Why Is an LLC Operating Agreement So Important in California?

Why Is an LLC Operating Agreement So Important in California?

What is the purpose behind an LLC operating agreement and why is this such an important document in an LLC in San Diego and Southern California? In these days of downloading forms from a website and rushing into business most LLCs miss one of the most important issues in the process of forming a business – the operating agreement.

If you are a one-person company you will be making all of the decisions and an operating agreement may not seem that important to you. However, if there is going to be more than one owner or “member” in your LLC the operating agreement is an essential document that deserves your attention. What is the operating agreement? The operating is a contract between the members of the LLC which establishes the responsibilities, voting rights and other duties of each member of the LLC, as well as how business decisions and operations will be undertaken.

What is the role and responsibility of each member? What percentage of ownership does each member carry and what duties and voting rights are associated with that membership?

How will profits be distributed between the parties? How often will the company hold meetings and how will they be conducted? What happens if there is a substantial life event (often referred to as a “trigger”) for one of the members such as death, incapacitation, divorce or personal bankruptcy? What happens if a member is no longer able to sustain their financial commitments to the company or exercise their duties?

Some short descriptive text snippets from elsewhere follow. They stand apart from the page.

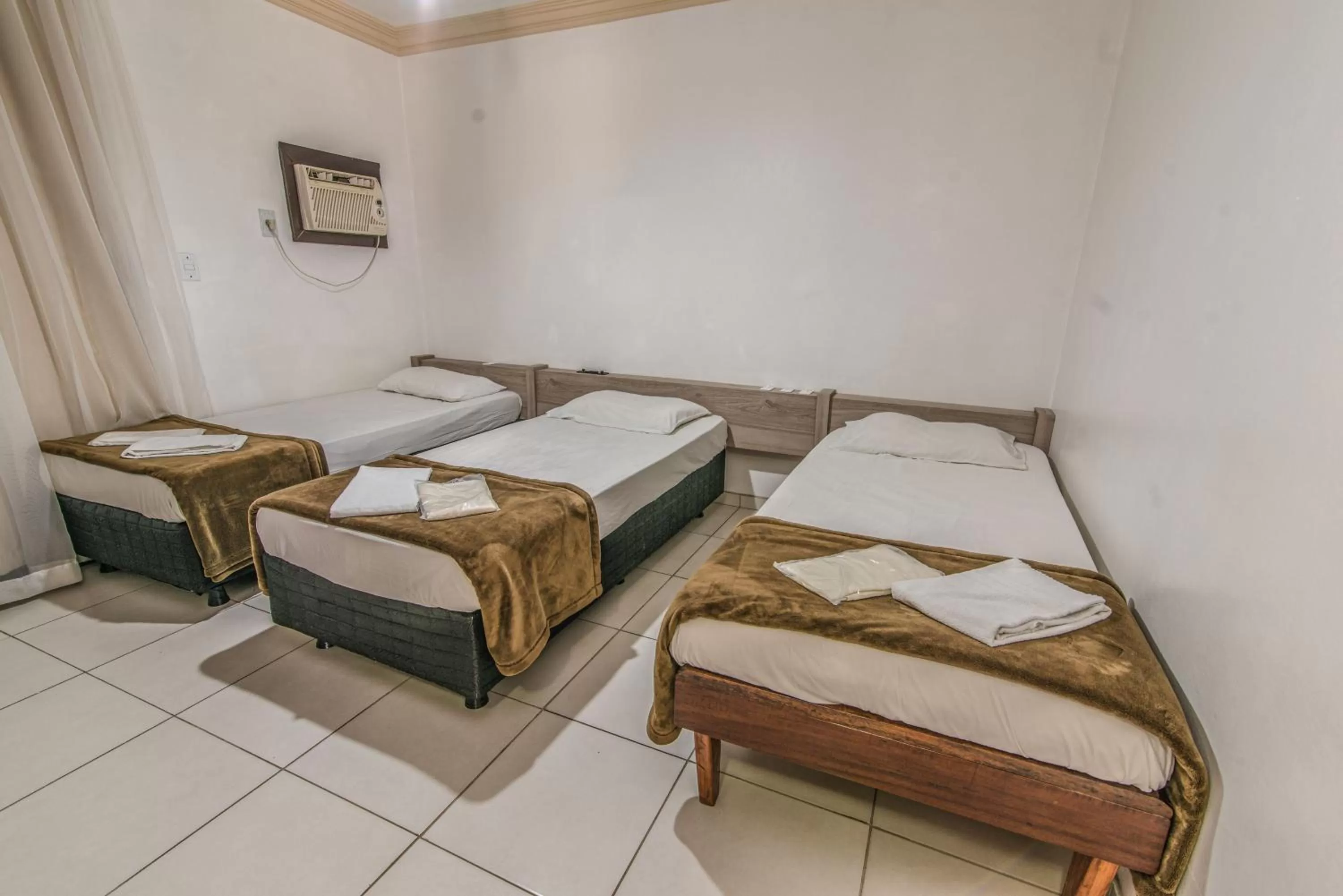 Bed in Classic Hotel e Motel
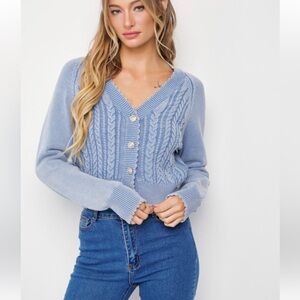 Blue cable knit cardigan sweater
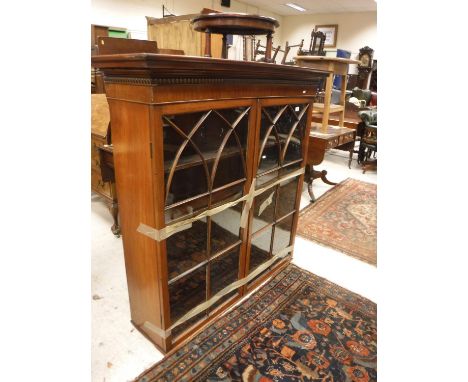 A circa 1900 mahogany display cabinet, the cornice with bobbin decorated banding over two arched astragal glazed doors enclos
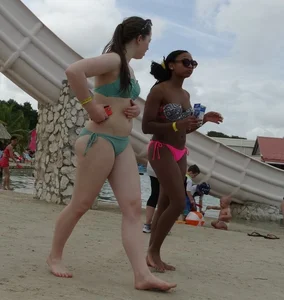Sexy black girl in bikini and short shorts with a cute friend with braces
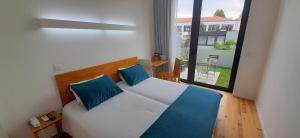 Cama o camas de una habitación en Boavista Class Inn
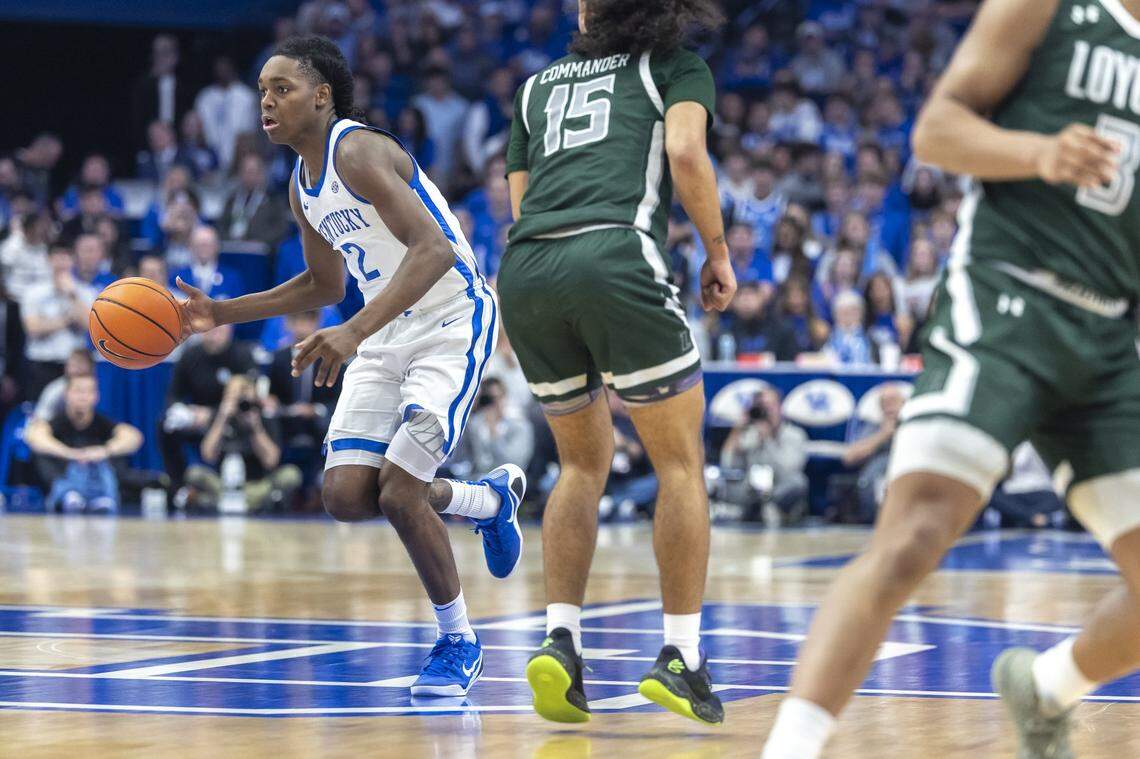 Kentucky basketball guard Jasper Johnson (2) drives the ball past Loyola (Maryland) guard Tyson Commander (15) during their game at Rupp Arena on Nov. 21.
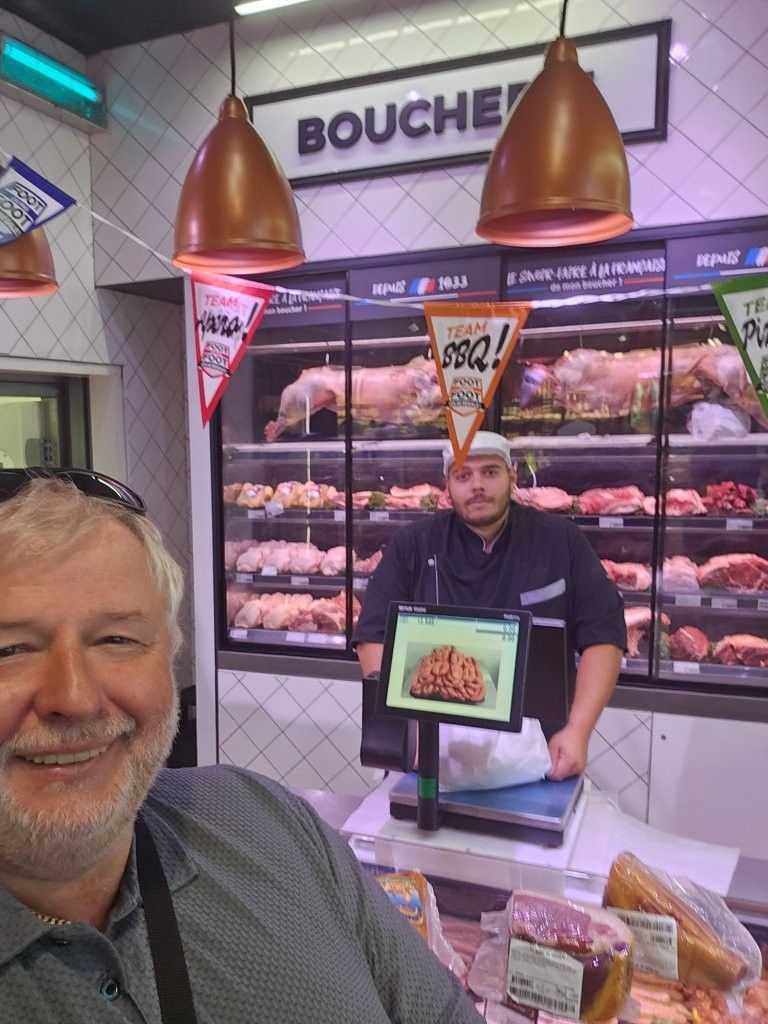 Theke einer Metzgerei mit einem Mann, der ein Tablett mit Fleischstücken hält, dahinter eine Vitrine und Hängelampen.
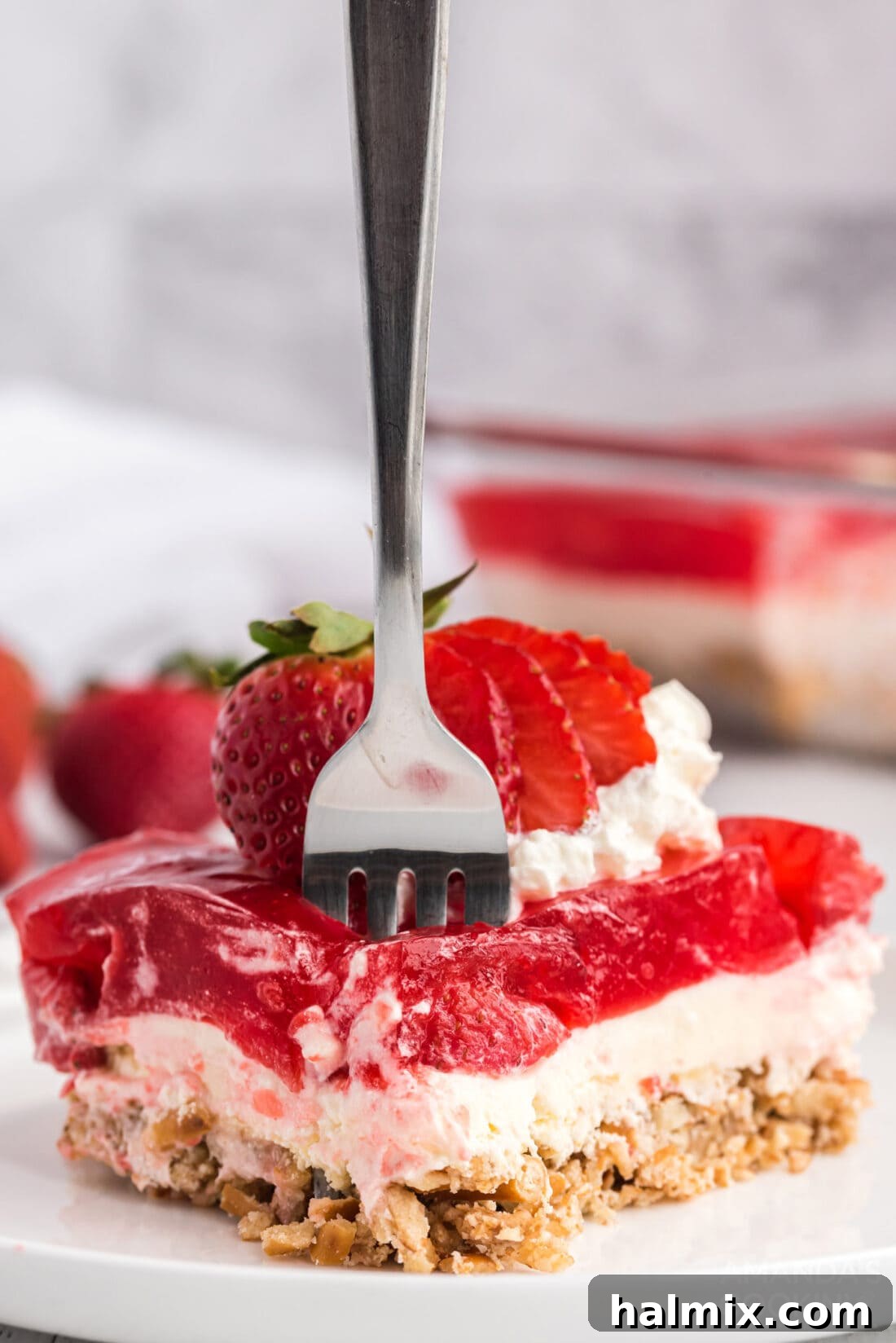 A fork is gently pressed into a slice of Strawberry Pretzel Salad, highlighting its inviting texture and layers.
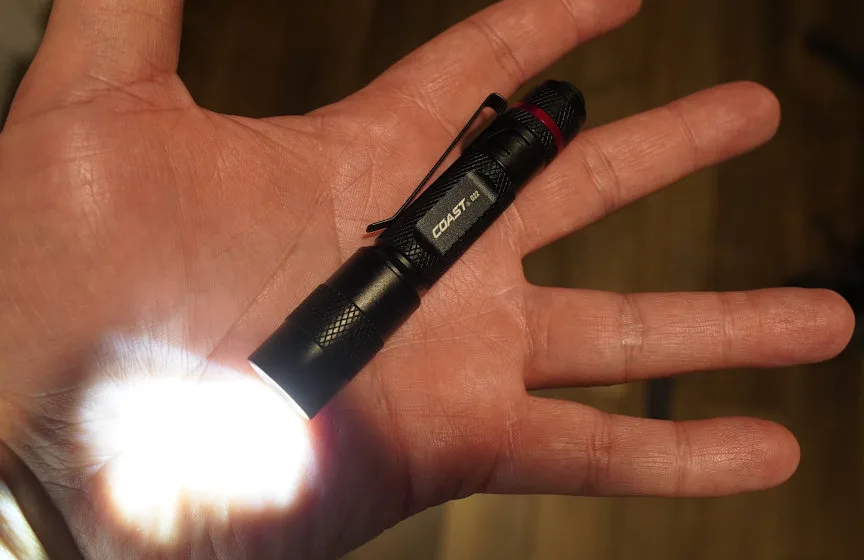 Close-up of man's hand holding Coast G22 flashlight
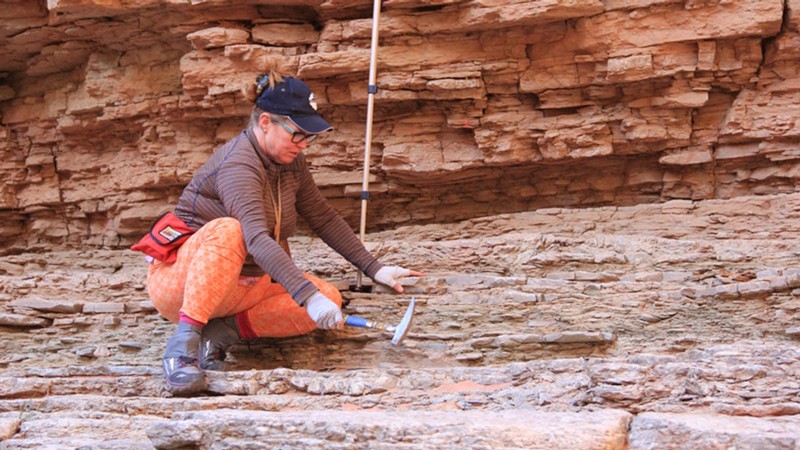 Geologist using a rock hammer in the Grand Canyon.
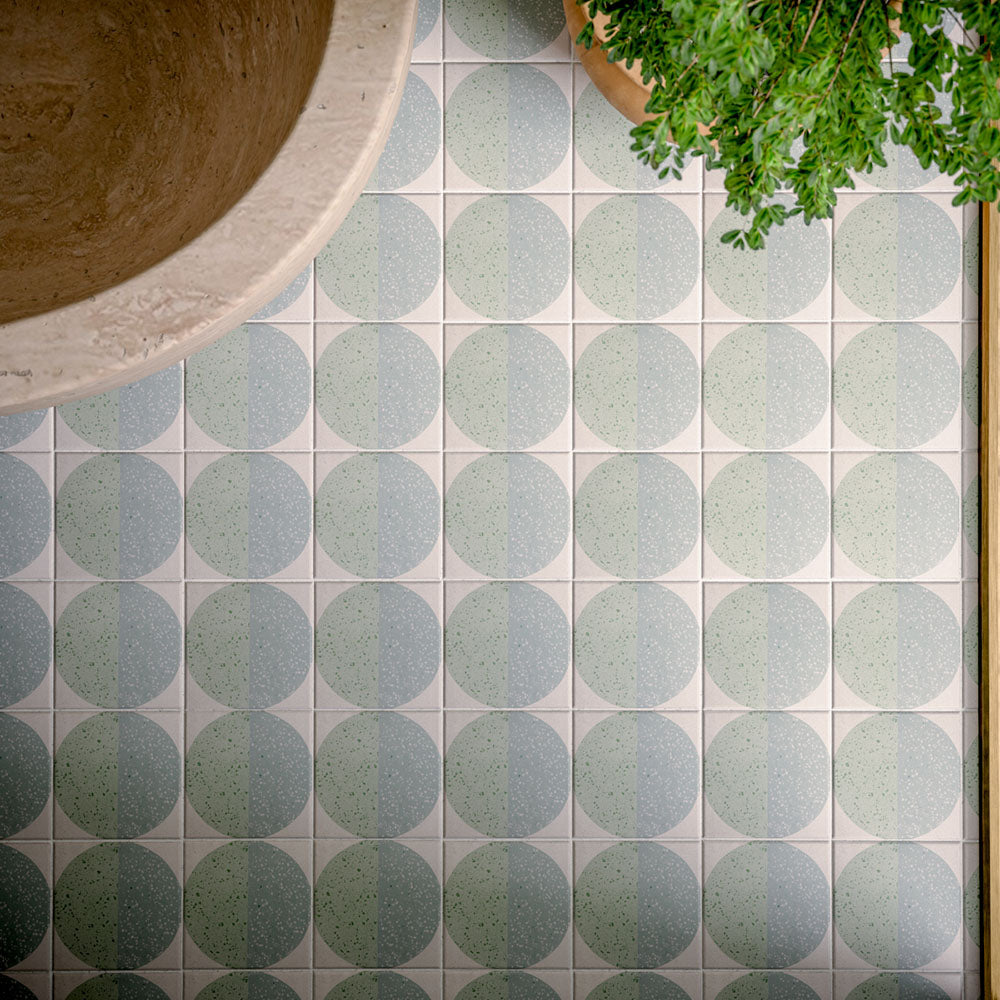 Bathroom featuring Eclipse Salvia 20x20cm terrazzo-effect patterned wall and floor tiles, styled with a freestanding stone bath, green marble-effect brick tiles, brushed brass fixtures and botanical-inspired contemporary décor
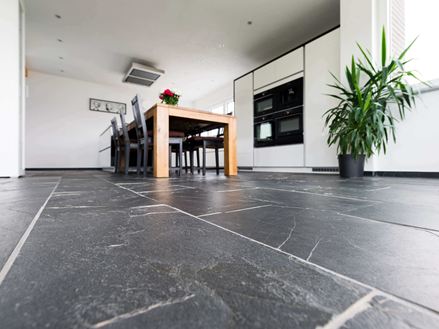 Prospettiva di rana su pavimento in ardesia Black Rustic con tavolo da pranzo in legno e pianta sullo sfondo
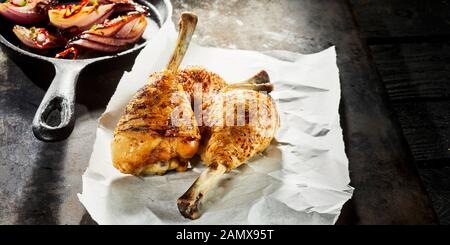 Three grilled spicy seasoned chicken drumsticks served on crumpled white paper with sauteed or roasted vegetables in a skillet Stock Photo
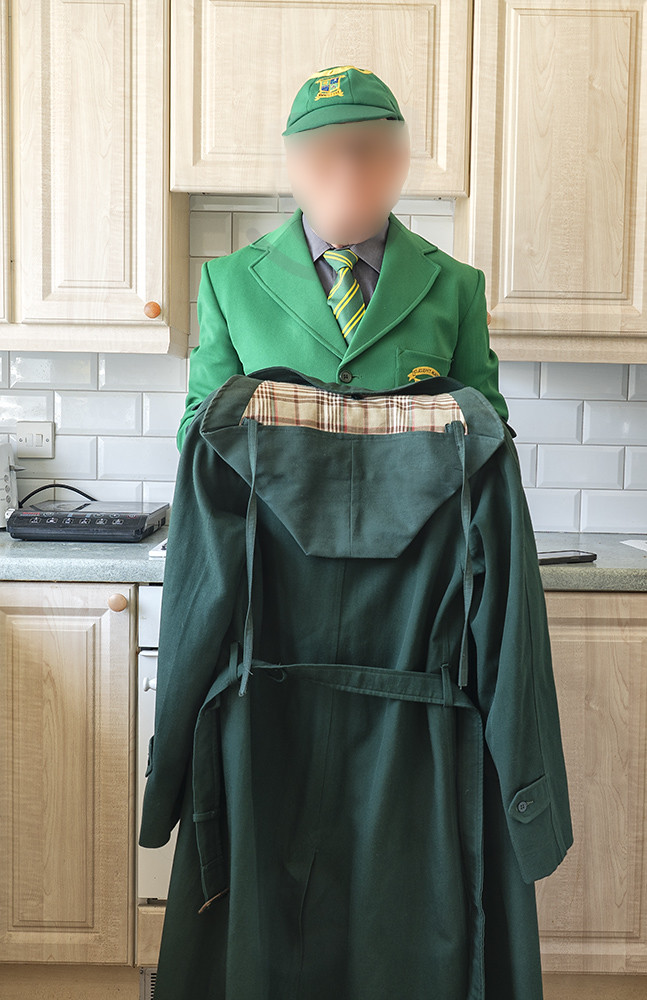 The boy with his junior schoolgirl's raincoat.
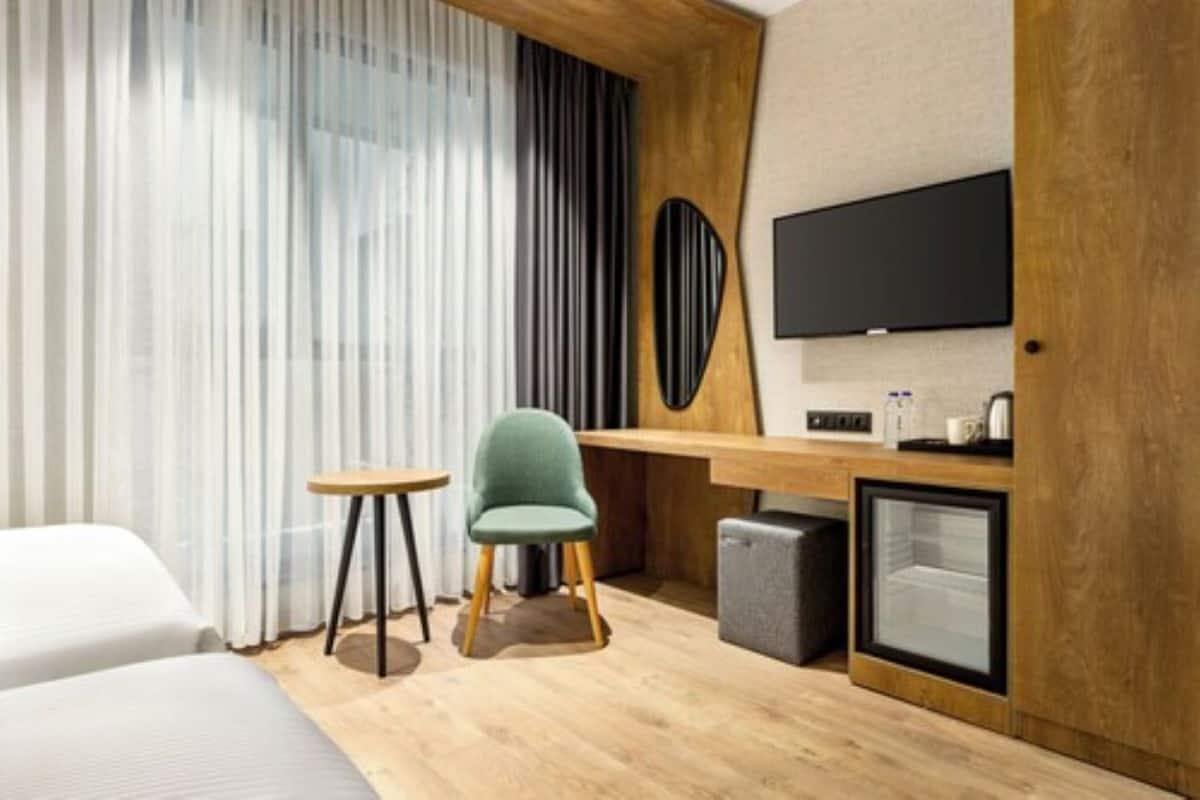 Ein Hotelzimmer mit Bett, Schreibtisch mit Stuhl, Fernseher, Minikühlschrank und einer Kaffeemaschine.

Do you want the ex-spouse of a fellow member to take half of their ownership (and voting rights) during the divorce? Suddenly you have a new business partner. Now what? Consider the unexpected death of a member. Without the right protections their ownership interest (and control) will pass to their designated heir.

There are almost 100 crucial clauses to be decided upon. Some will be a “do you want THIS or That?” Others will be “do we include this or not?”

Perhaps you should consider the valuation of a member’s interest if a triggering event occurs. Who has the right to buy-out their interest and at what price? If there are multiple members with varying percentages of ownership, should the exiting member’s interest be divided proportionately according to the remaining member’s percentage of ownership?

It may surprise you to learn that California has a strong body of law that protects minority interests in normal operating decisions and in any subsequent dispute. Do you really want California’s “default legislation” to determine what happens within your own company?

Finally, consider why you have a corporate entity in the first place. Your LLC is an entity which separates you, personally, and all of your personal assets and debts from the corporate entity of an LLC. This is known as the corporate veil. This crucial separation of the members personally from the company prevents creditors of the company from pursuing the owner/members of the company personally for debts or liability of the LLC. You want to protect your personal assets and all you’ve worked so hard to build. The operating agreement actually establishes that corporate veil and additional protections which protect the individual interests of each member, as well as the interests of the members as a whole.